Gott, den vielfachen Opfern des alten Gesetzes hast Du in dem einen vollkommenen
Opfer ihre Erfüllung geben. Nimm an das Opfer Deiner getreuen Diener und heilige
es mit gleichem Segen wie einst die Opfergaben Abels.

Und was einjeder zur Ehre Deiner Majestät dargebracht hat, laß es allen gereichen zum Heil.

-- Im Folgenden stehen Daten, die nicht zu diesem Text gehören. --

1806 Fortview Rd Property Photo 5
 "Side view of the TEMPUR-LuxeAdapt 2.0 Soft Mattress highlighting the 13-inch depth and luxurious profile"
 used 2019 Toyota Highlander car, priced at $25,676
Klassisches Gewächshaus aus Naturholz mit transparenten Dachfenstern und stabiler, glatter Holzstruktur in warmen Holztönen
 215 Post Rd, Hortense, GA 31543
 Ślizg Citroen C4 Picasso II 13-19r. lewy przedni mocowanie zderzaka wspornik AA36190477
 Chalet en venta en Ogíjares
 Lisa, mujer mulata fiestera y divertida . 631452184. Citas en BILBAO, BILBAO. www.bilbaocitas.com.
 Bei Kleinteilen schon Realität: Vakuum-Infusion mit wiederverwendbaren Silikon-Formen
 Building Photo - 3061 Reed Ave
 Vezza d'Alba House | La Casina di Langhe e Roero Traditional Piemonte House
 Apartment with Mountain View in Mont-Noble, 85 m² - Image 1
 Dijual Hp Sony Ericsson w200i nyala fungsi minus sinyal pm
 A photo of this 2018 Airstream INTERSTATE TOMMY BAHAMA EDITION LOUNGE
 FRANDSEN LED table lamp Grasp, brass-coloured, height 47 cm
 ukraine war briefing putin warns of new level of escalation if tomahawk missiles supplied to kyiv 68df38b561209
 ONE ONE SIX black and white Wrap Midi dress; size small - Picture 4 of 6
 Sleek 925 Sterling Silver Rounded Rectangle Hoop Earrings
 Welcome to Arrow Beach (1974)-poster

Ferner stattete an diesem Sonntag der Generalvikar des Instituts Christus König und Hoherpriester, der Hochwürdigste Monsignore Michael Schmitz, dem Basler Apostolat einen Besuch ab. Ausgehend vom Evangelium (Matth. 7) mit den Wölfen im Schafspelz, dem miesen Baum mit seinem faulen Ertrag und den Früchten, an denen man so manches erkennen könne, schlug er in der Predigt einen Bogen durch den Glauben und die Tradition der Kirche. Er ging etwa auf modernes Theologengesülze (das sind jetzt meine Worte) ein, welches das Gebetsleben eher untermininiert als bereichert. Das progressive Gewäsch, das man sich dabei denken mag, und dessen Früchte kommen mir tatsächlich irgendwie bekannt vor ... und ich will damit keineswegs mit dem Finger auf andere zeigen.


Meine Lieblingsorgel war auch an diesem Sonntag leider wieder wetterfühlig und nicht immer ganz zuverlässig, aber ich würde sie gegen keinen Neubau eintauschen wollen. Die Dame hat einfach Charakter ...

Auf jeden Fall ...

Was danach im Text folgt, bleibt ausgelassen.